Intentions are defined in the Plan Model, and complex tasks may be performed in dynamically changing environments because the appropriate sub-goals or actions are selected based on real-time determinations of the robot’s external environment according to these three aforementioned elements.

[BDI Architecture]

By sorting the layers by Action, Behavior, and Behavior Procedure and enabling remote calling, it is possible to respond to the control through the multi-agent and control system in a scalable manner.

Moreover, we are currently conducting research to develop a multi-modal-based reasoner that can determine a given situation by extracting intentions to advance the field of behavioral status analysis.

In addition, a Task Manager solution is in development based on various methods targeting the implementation of a State Machine that is not limited to BDI-based architecture (FSM, HFSM, BehaviorTree).

The developed Task Manager solutions will verify and improve usability and performance through various robot service PoCs.

Patent : Behavior-based controllable intelligent service robot software architecture

2. Embedded Linux

At Robotics LAB, Embedded Linux-based software solutions are being researched for the development of resource-optimized robot software.

In order to operate a robot service on a high-performance ARM-based SoM (System on Module) platform, a Yocto Project-based embedded SW development environment will be established, and various embedded platforms will be distributed to the entire system as a single image.

Yocto Project can easily apply many features and applications with the support of an open-source camp using a strong Linux build framework with various features, and various platforms are able to be supported using the same code via structuring. Depending on the situation, the system image can change to various structures and be distributed to effectively respond to the platform and changes to hardware specifications.

In addition to the application and distribution of Embedded Linux, the technology needed for the stable update/recovery/OTA (Over the Air) of software is being developed. The system image generated for OTA will borrow the A/B (Double Copy) structure. It is designed to allow updates while the system is running and to be easily recoverable if any problems occur. Additionally, an update solution suitable for the platform and service operation purposes of the robot is being developed.

We are researching not only Android but also various Linux-based embedded platforms and aim to procure technology for the implementation of the ever-advancing high-performance ARM-based embedded platform.
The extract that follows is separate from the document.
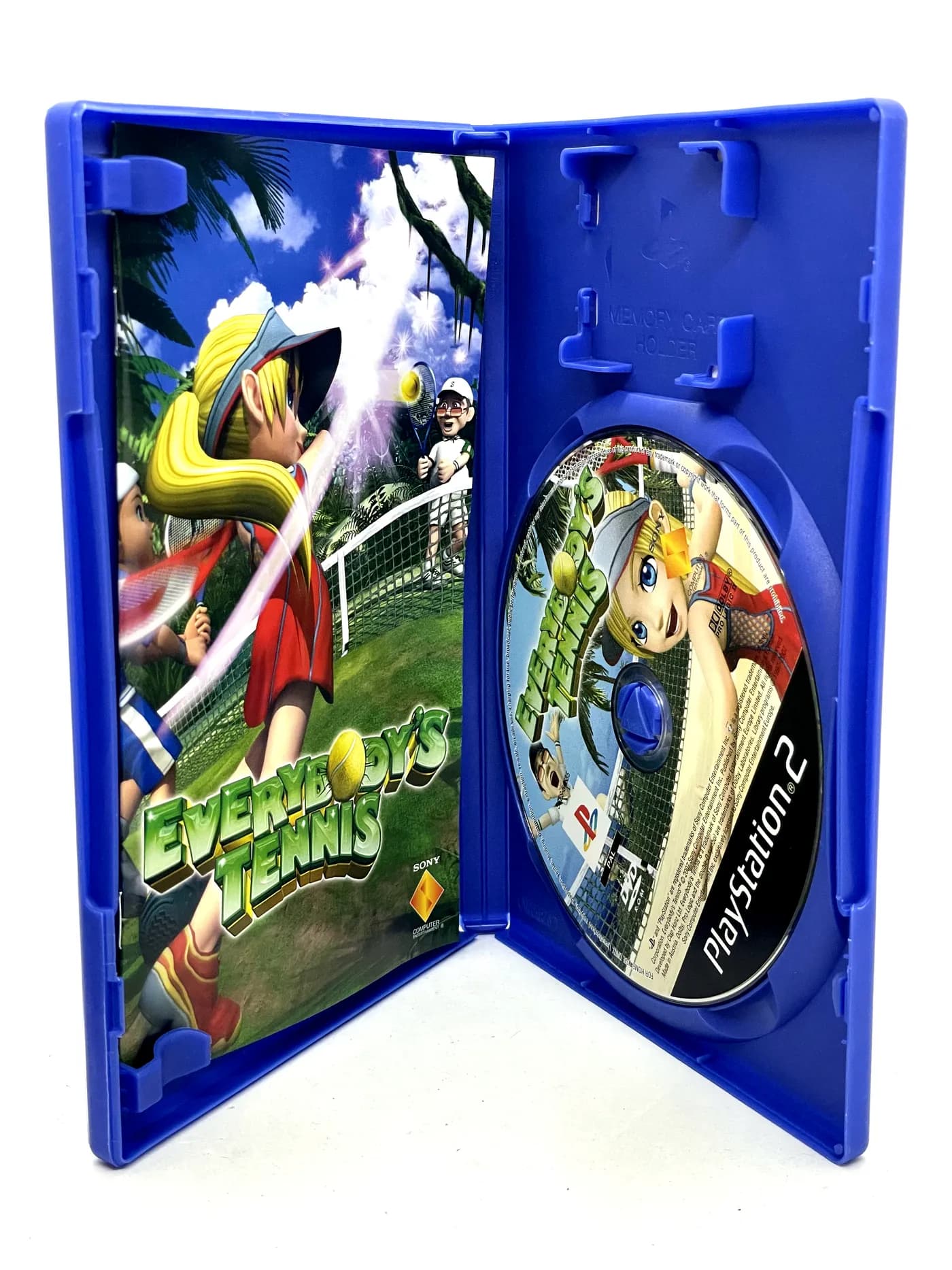 Everybody's Tennis PS2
3. Software Integration Environment Development

For the development of a high-quality robot service, the various sensors, the firmware needed to link these sensors, elemental technology software, and middleware must be integrated as a single system. In achieving this, nothing is more important than enabling each developer to test their designated module and connected hardware from the initial stage of development, and unifying the development environment. As such, an appropriate development environment will be established using emulation and virtualization methods.

[Firmware Layer]

[Sensor Emulator Layer]

In order to connect various sensors that are not able to directly link to the OS, firmware for each sensor must be developed. If development tests can actually be conducted for the application software without real hardware and sensors, the development process and setup of testing equipment can be minimized by simultaneously developing the firmware and its upper software. To achieve this, Robotics LAB is developing technology to provide various sensors through a unified interface using emulator software, enabling developers to test the operation of each sensor type and develop software regardless of hardware composition and any related changes.

As such, an environment in which the application developer can link with the actual robot without additional work is provided through the emulator environment. We are researching and developing a unified middleware so that, even with the increase in complexity following the spread of service robot products, the software developer can reuse the robot software infrastructure and reduce production costs.

[Docker Environment for the Development of Major Robot Services]

In addition to the development of the emulator and unified middleware, we are also developing virtualization environment construction technology so that software can be developed in a unified environment. To counteract potentially insufficient robot equipment for testing during the development process or any other potential problems arising from a different development environment, development is underway to establish a Docker Framework-based virtual environment that enables the execution of various CPU complier architecture-based robot services and development verification in the developer controller and to procure solutions related to this.